*** Available data Section Begins ***

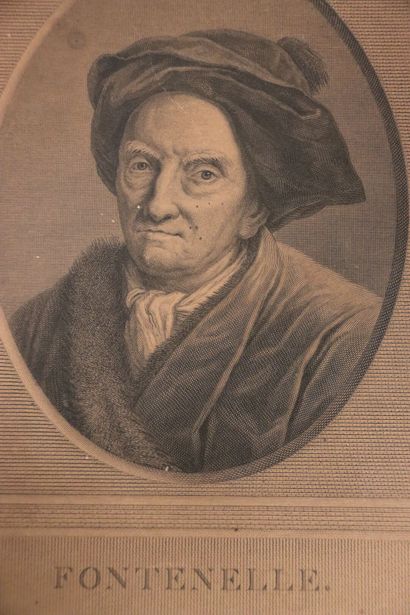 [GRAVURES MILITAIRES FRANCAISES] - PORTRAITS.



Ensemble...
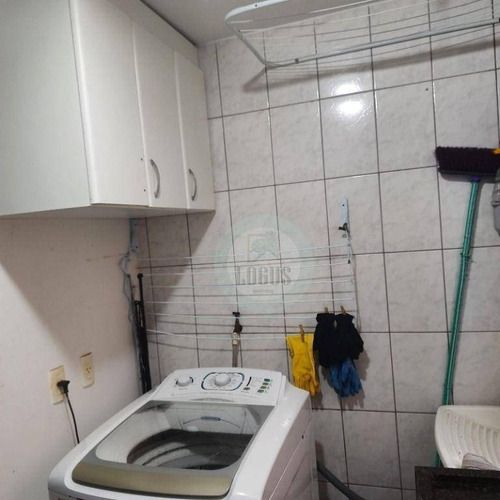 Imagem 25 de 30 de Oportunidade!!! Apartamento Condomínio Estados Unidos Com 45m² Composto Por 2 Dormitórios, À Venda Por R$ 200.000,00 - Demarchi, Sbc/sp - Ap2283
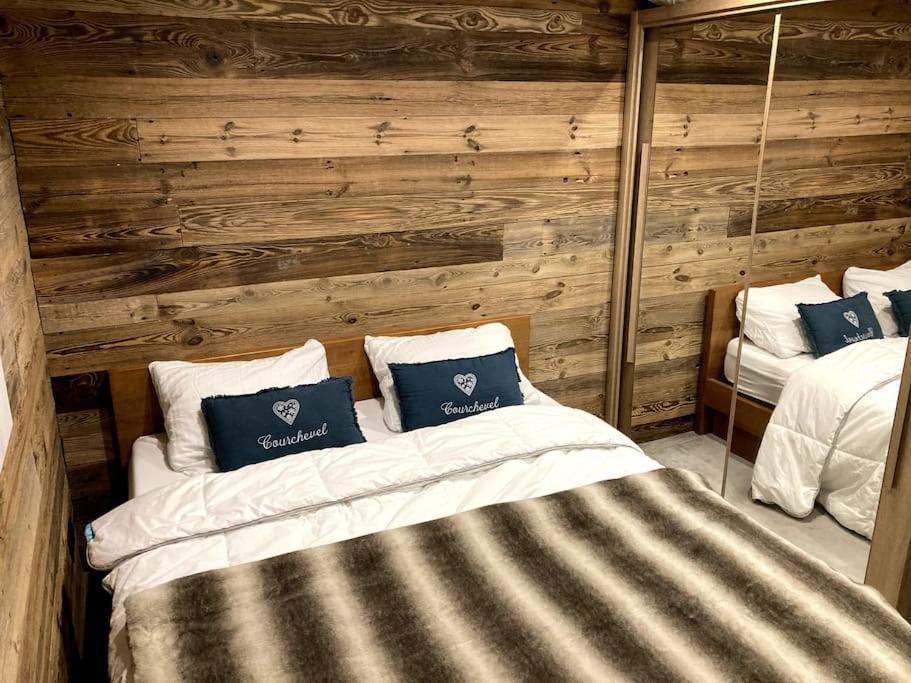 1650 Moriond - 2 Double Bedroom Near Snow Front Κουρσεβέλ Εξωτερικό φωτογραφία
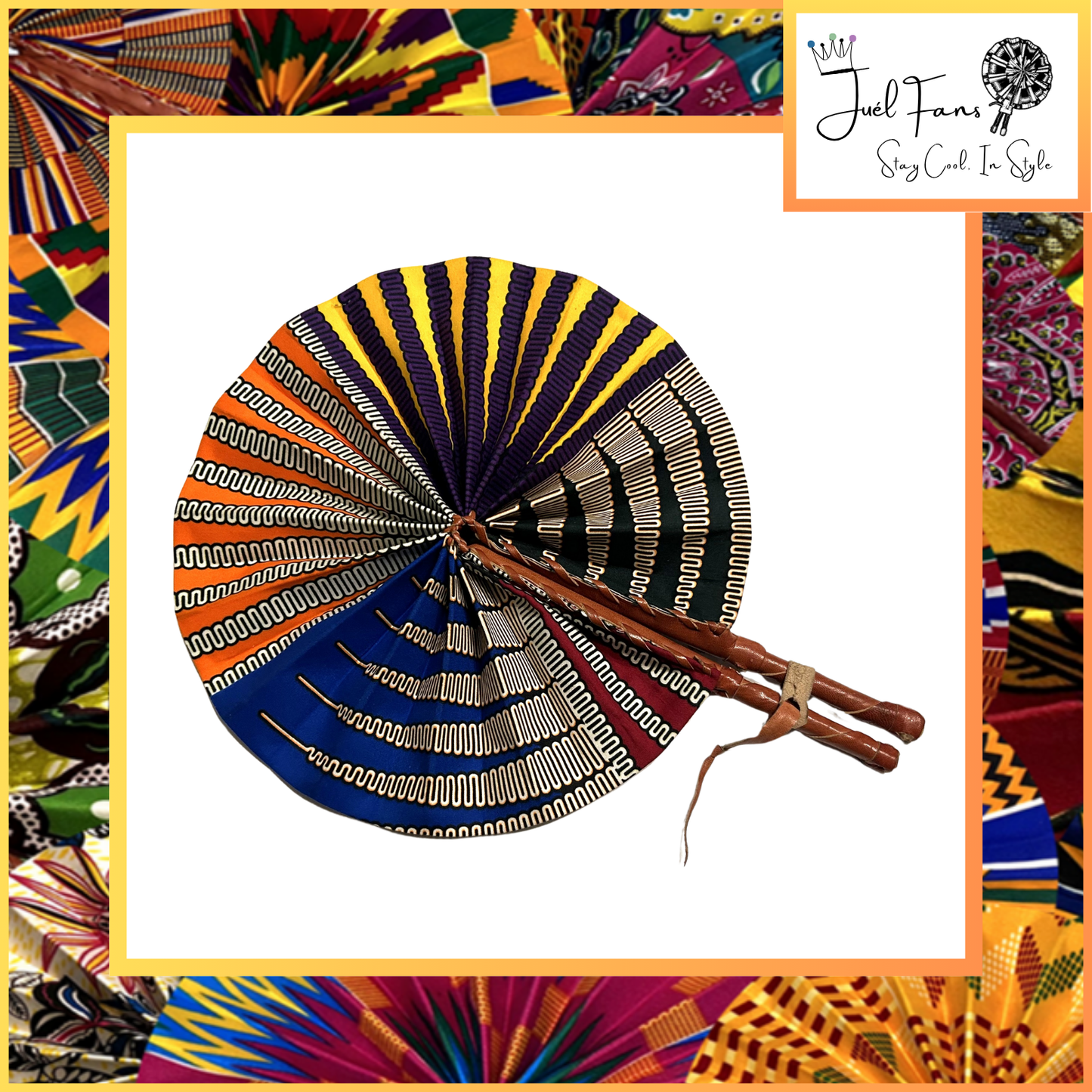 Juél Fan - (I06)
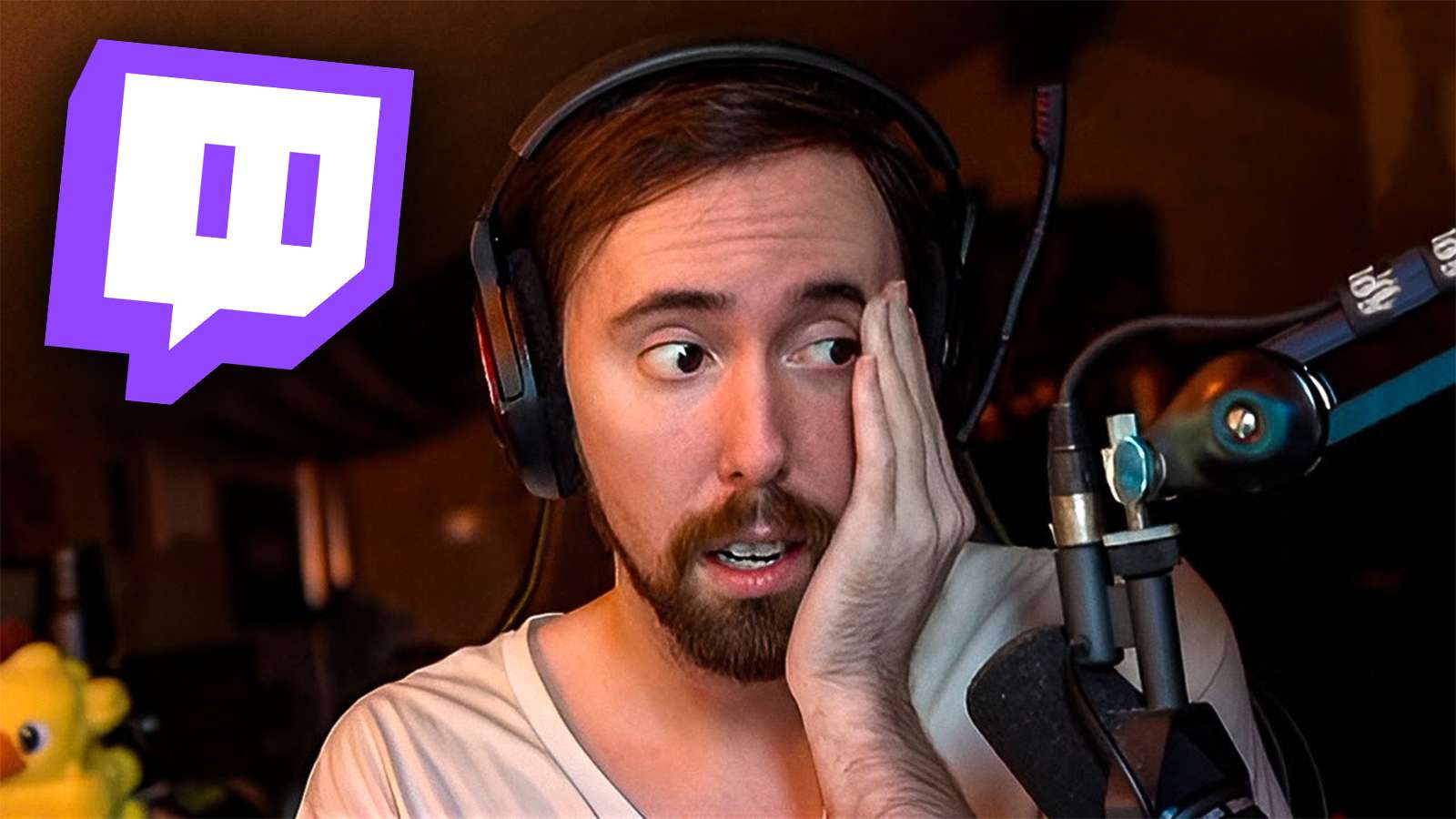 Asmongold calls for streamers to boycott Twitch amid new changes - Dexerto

*** Available data Section Ends ***

Exercise description:
Leaving out every picture, repeat exactly the lines of the records from the start through the line that has "Juél Fan - (I06)".

Task response:
 [GRAVURES MILITAIRES FRANCAISES] - PORTRAITS.



Ensemble...
 Imagem 25 de 30 de Oportunidade!!! Apartamento Condomínio Estados Unidos Com 45m² Composto Por 2 Dormitórios, À Venda Por R$ 200.000,00 - Demarchi, Sbc/sp - Ap2283
 1650 Moriond - 2 Double Bedroom Near Snow Front Κουρσεβέλ Εξωτερικό φωτογραφία
 Juél Fan - (I06)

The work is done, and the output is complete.